Sailors and Witches and Graveyards, Oh My

It was after noon when we left Danvers, Massachusetts and headed for Salem, just a few miles away. That’s when we learned that Salem is awash with tourists, angled streets and odd traffic patterns.  The combination left me frazzled by the time we found a car park. The cure for the frazzles: food and drink.

So the first place we stopped when we got to the Peabody Essex Museum: their outdoor cafe, where we had a lovely lunch that fueled us for the afternoon. We ate at several museum cafes on this trip and I must say, the quality of food at museums has improved immensely of late.

The Peabody Essex Museum started in 1799 as the East India Marine Society, an organization of seafaring folk who decided to create a place to display “natural and artificial curiosities” that they had brought back from their travels. Parts of their collection still have an 18th and 19th century Asian or shipfaring focus, but there’s also everything from gilded age jewelry to a modern seashell decorated bridal dress.


After the Peabody came our only witch trials related foray in Salem: a visit to the Salem Salem Witch Trial Memorial, which is located directly behind the museum.  The National Endowment for the Arts funded a contest to design the memorial, for the 300th anniversary of the witch trials. The Washington State team of architect James Cutler and artist Maggie Smith created the winning design, which consists of a U-shaped stone wall, out of which protrudes 20 benches.

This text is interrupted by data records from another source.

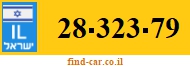 28-323-79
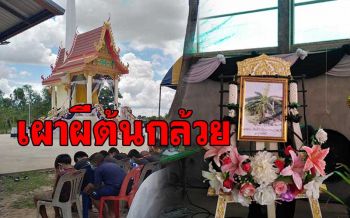 ประเดิมเมรุใหม่! นิมนต์พระทำพิธี\'เผาผีต้นกล้วย\'เพื่อความสิริมงคล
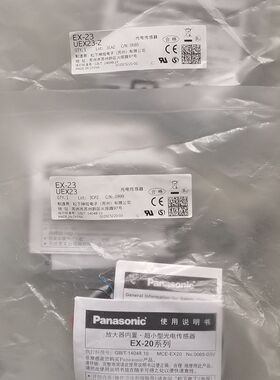 光电传感器EX-23 UEX23-Z 未开封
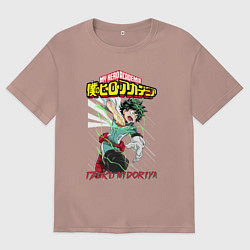 Мужская футболка оверсайз Моя геройская академия Деку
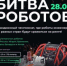 Стартует новый сезон Международного чемпионата по битве роботов - Газета Заря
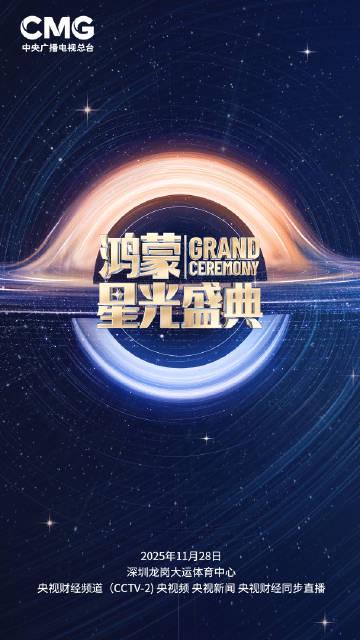 国服游戏加速器推荐 海外华人如何突破限制?3招教你同步观看央视鸿蒙星光盛典!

The wall is inscribed with quotes from the victims, protesting their innocence, and each bench is inscribed with the name of one of the witch trial victims  – the 19 who were hung and one who was pressed to death during a torture session to make him confess – and the method and date of his or her execution.  Cutler explained in a 1992 New York Times article: the benches represent tombstones, since most of the victims were buried in unmarked graves, and locust trees planted there represent the trees from which the victims were hung.  It’s all very beautiful and quite grim.

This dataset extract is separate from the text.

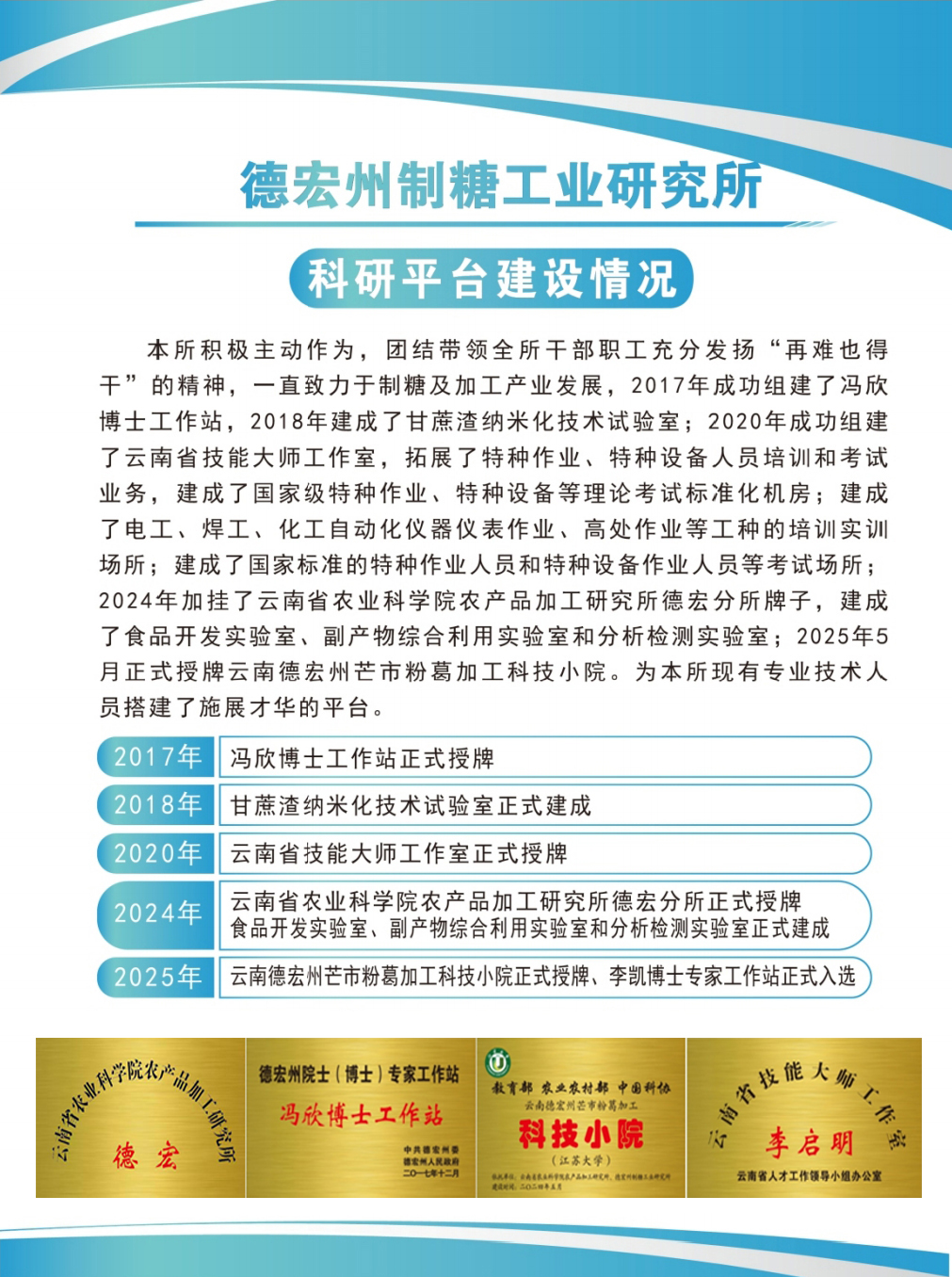 科研平台建设04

I’m not sure I agree with the addition of the method of execution. It seems more sensationalist than necessary.

The memorial was dedicated by Elie Wiesel in August 1992.

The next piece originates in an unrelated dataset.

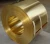 High quality 0.15mm-2.2mm thickness c2680 brass copper coil brass strip/foil/coil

Next to the memorial is the 17th century Burying Point, the oldest cemetery in Salem, where several of the witch trial judges are buried. It’s no coincidence that the memorial is located next to the cemetery.  The memorial extends to the cemetery, the dead representing the people who stood by mutely while the whole thing happened.

Boston 361a

By the time we left the cemetery, it was late afternoon and the other venue I wanted to visit – the Salem Maritime National Historic Park – was closed.  We walked the few blocks to the park anyway, to see the exterior of the 18th century merchant vessel Friendship and sit in the garden of the 1762 Derby House. The ship, the house, and several other houses/buildings that are part of the national historic park are available to tour.  But for me, that would have to wait for another trip.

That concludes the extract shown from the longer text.